What does the magnificent blonde represent in the story?

The blonde, who has a tattoo of the American flag on her lower belly, represents the way in which white women have been used as sexual objects and how their status as both sexual objects and symbols of American femininity have contributed to the oppression of black men.
Both the black men participating in the Battle Royal and the white woman in the ring are exploited objects of erotic obsession. The white male spectators enjoy watching the black men experience attraction to the white woman. However, the black men are also afraid of expressing attraction to the blonde around the white male spectators, due to such attraction being forbidden to black men. This manipulation contributes to the sexual hegemony of white men, which has historically resulted in white men's control of both black men and white women and their unmitigated access to the bodies of white women, as well as to those of black men and black women.

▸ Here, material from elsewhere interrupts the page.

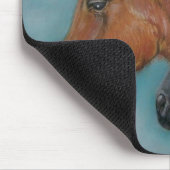 schilderij van zwarte kastanjebruin muismat (Hoek)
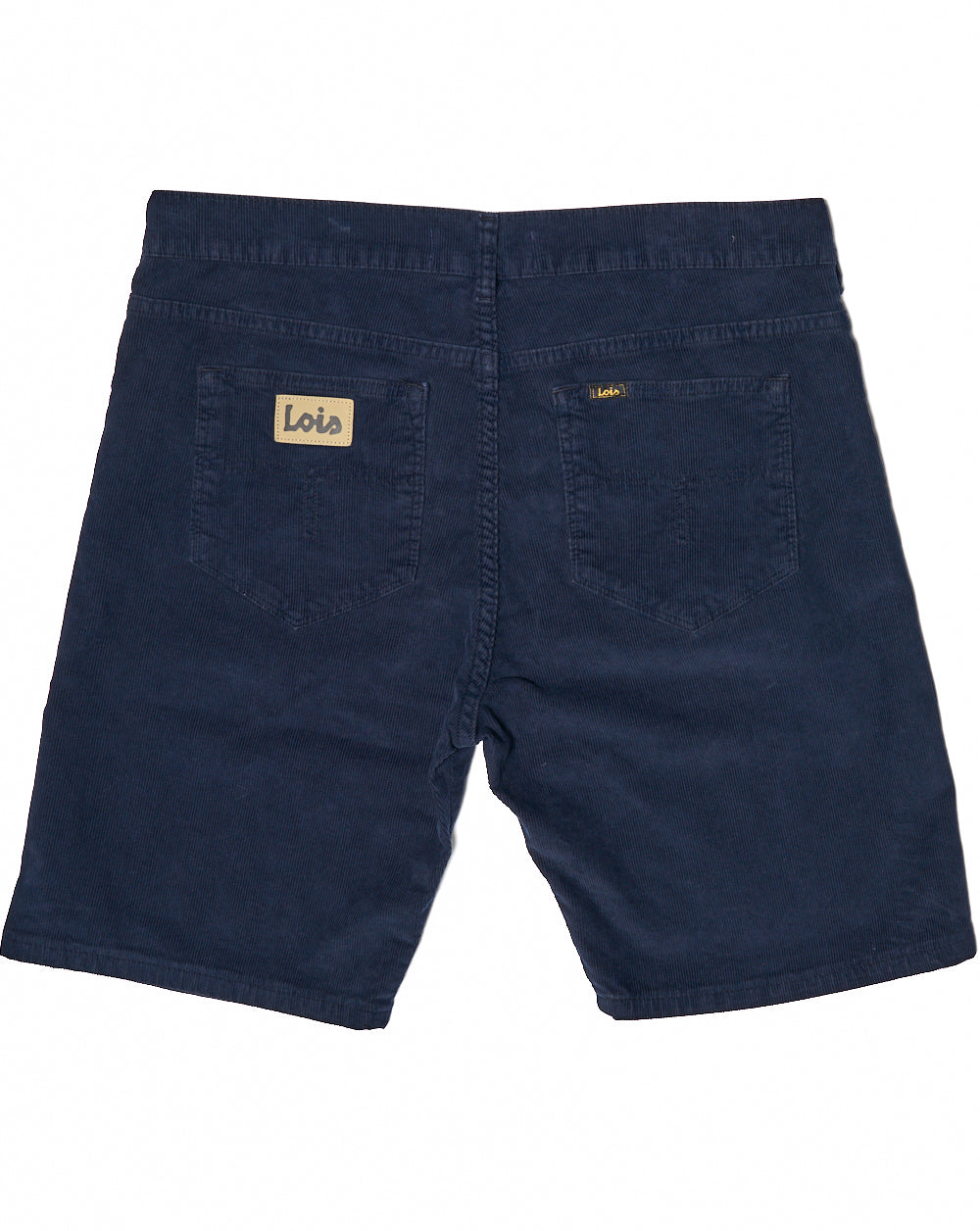Lois Pepe Needle Cord Shorts Navy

Ellison uses the Battle Royal as a visual symbol of everyone's victimization in a system in which white men are dominant.


In "Battle Royal," chapter 1 of Ralph Ellison's Invisible Man, young black men are forced to fight each other for the entertainment of a crowd of wealthy white men. As the fighters are pushed into the room where they will "entertain" the crowd, they notice the "magnificent blonde" (19) in the center of the room. She is "stark naked," and the narrator "was strongly attracted and looked in spite of himself" (19). The narrator goes on to describe the blonde woman in more detail; her hair color seems artificial and she is heavily made-up. He describes her face as "an abstract mask, the eyes hollow but smeared a cool blue, the color of a baboon's butt" (19). This description is telling because it highlights her sexuality, but it also describes something animalistic about her (probably because she is basically treated as such); further, her face indicates that she is detached. 
The narrator looks at her closely and carefully and describes her body in detail, but his reaction is complicated. He confesses, "I wanted at one and the same time to run from the room, to sink through the floor, or go to her and cover her from my eyes and the eyes of others with my body; to feel the soft thighs, to caress her and destroy her, to love her and murder her, to hid from her, and yet to stroke [her]" (19). He feels both attracted and repulsed. He cannot deny her sexuality, yet he instinctively knows there is something wrong about the way she is treated. He feels both superior to her as a man and protective of her as a fellow oppressed person. 
The blonde "begins to dance" in a "slow sensuous" manner" (19). As the boys are goaded by the men, she continues to dance. Eventually, she is grabbed by the men in the audience and "tossed" as she tries to leave the room. The narrator describes her face in the following way: "I saw the terror and disgust in her eyes, almost like my own terror and that which I saw in some of the other boys" (20). The narrator recognizes in the blonde's face similar emotions to what he feels; he identifies with her. He realizes that they are both objects of entertainment for these rich white men. This is a starting point for the narrator's understanding of his position in the world as a young black man. It takes several more episodes, however, for the full force of his oppression to sink in.